Z roku na rok chcemy grać coraz
lepiej. Rok temu byliśmy „3”. W związku z tym w tym roku chcemy być w pierwszej
„2”. Jednak te zadanie nie należy do łatwych: Serie A jest bardzo wyrównana. Np.
rok temu graliśmy z Cagliari (14 zespół ligi – przyp. red.) i mogliśmy z lekką ręką
ulec 0:3. Kluby w Serie A są świetnie wyszkolone taktycznie i bardzo zwarte.
Mimo wszystko: chcemy zaatakować dwa pierwsze miejsca. Mistrzostwo z Juve
byłoby oczywiście marzeniem!
Załóżmy, Juve zakwalifikuje się do Ligi Mistrzów. Czy liczy Pan na ponowne
spotkanie z Bayernem? Może podczas finału w Rzymie?

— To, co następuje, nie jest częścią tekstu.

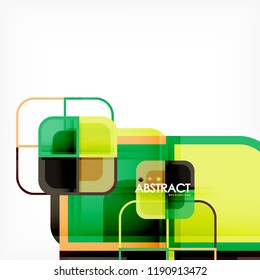 Abstract background, square shapes geometric composition, vector eps10 illustration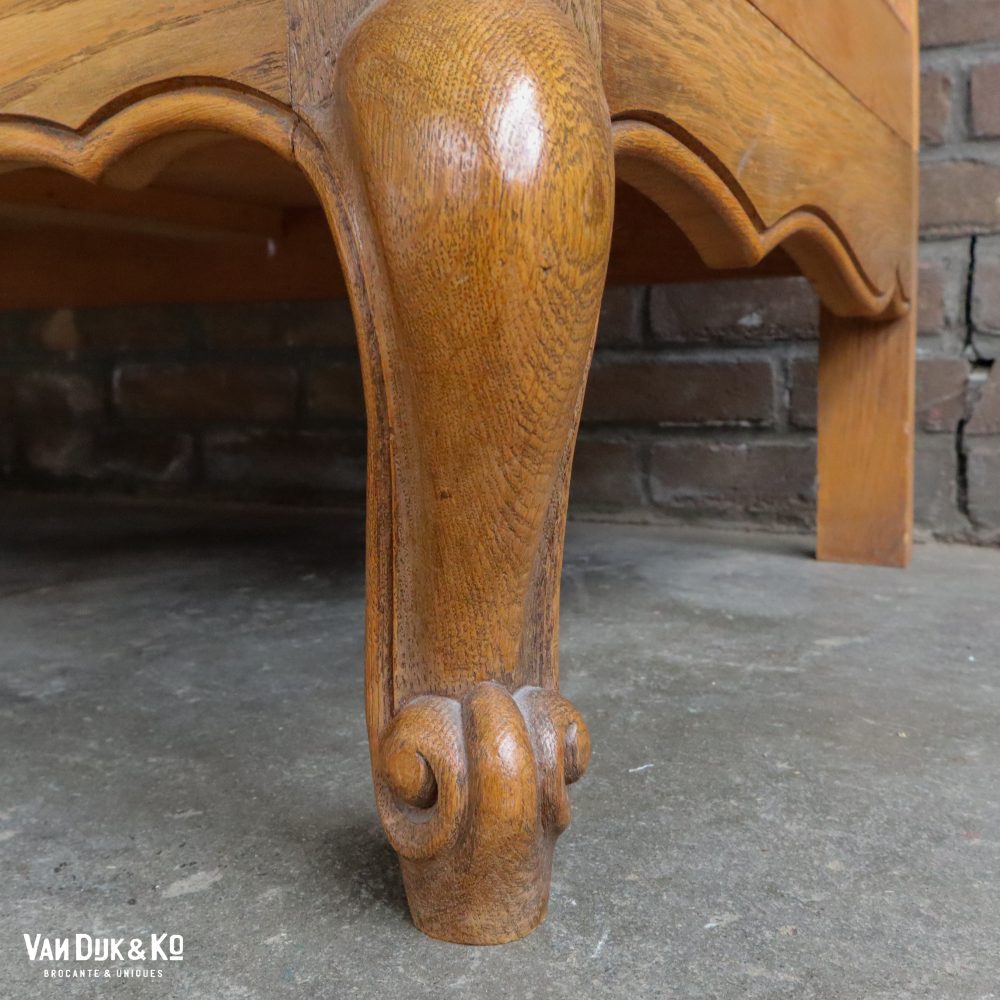 Vintage vierdeurs kledingkast - demontabel - Afbeelding 10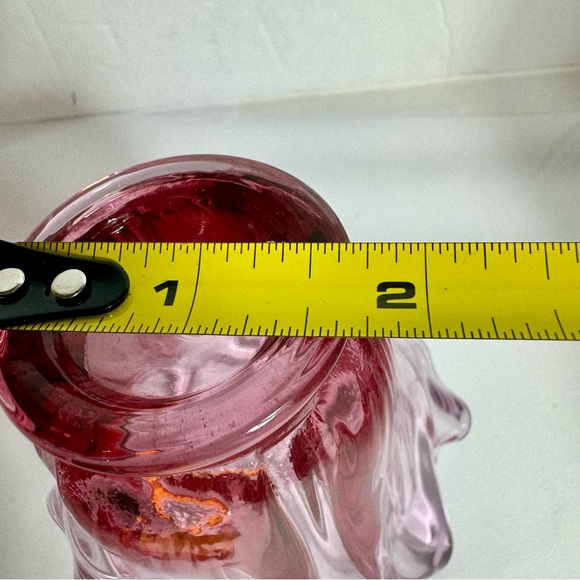 Vintage Fenton Dusty Rose Spiked Votive Candle Holder Glass. Fenton stamped - Picture 10 of 10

(śmiech) To byłoby marzeniem!
Droga ku temu jest jednak długa. Teraz myślę o kwalifikacjach i meczu z
Artmedią Petrzalką (pierwszy mecz 4:0 – przyp. red.). Jeśli nam się uda, to osiągniemy
pierwszy cel sezonu. Po tym, będę mógł powiedzieć więcej. Teraz chcemy jednak wygrać
obydwa spotkania.
W czym Serie A różni się najbardziej w porównaniu z Bundesligą?
W Serie A największą wagę kładzie
się na taktykę. Minusem Serie A są stadiony. Każdy piłkarz grający we Włoszech
zazdrości nowoczesnych stadionów w Niemczech. Stadiony we Włoszech nie są po
prostu dostosowane do dzisiejszych realiów.
Czy śledzi Pan w dalszym ciągu Bundesligę?
Pewnie!
Czy przywita Pan ponownie kibiców w Niemczech – może przed zakończeniem
kariery?
Mam z Juve kontrakt do 2011 roku.
Wtedy będę miał34,5 lat. Wtedy trzeba się zastanowić, co można jeszcze zdziałać.
W każdym bądź razie będzie coraz ciężej(śmiech). Będę grał tak długo, jak mi na
to zdrowie pozwoli. Dochodzą młodzi, błyskotliwi, szybcy piłkarze. Chce wypełnić
mój kontrakt z Juve, później pomyślimy co dalej.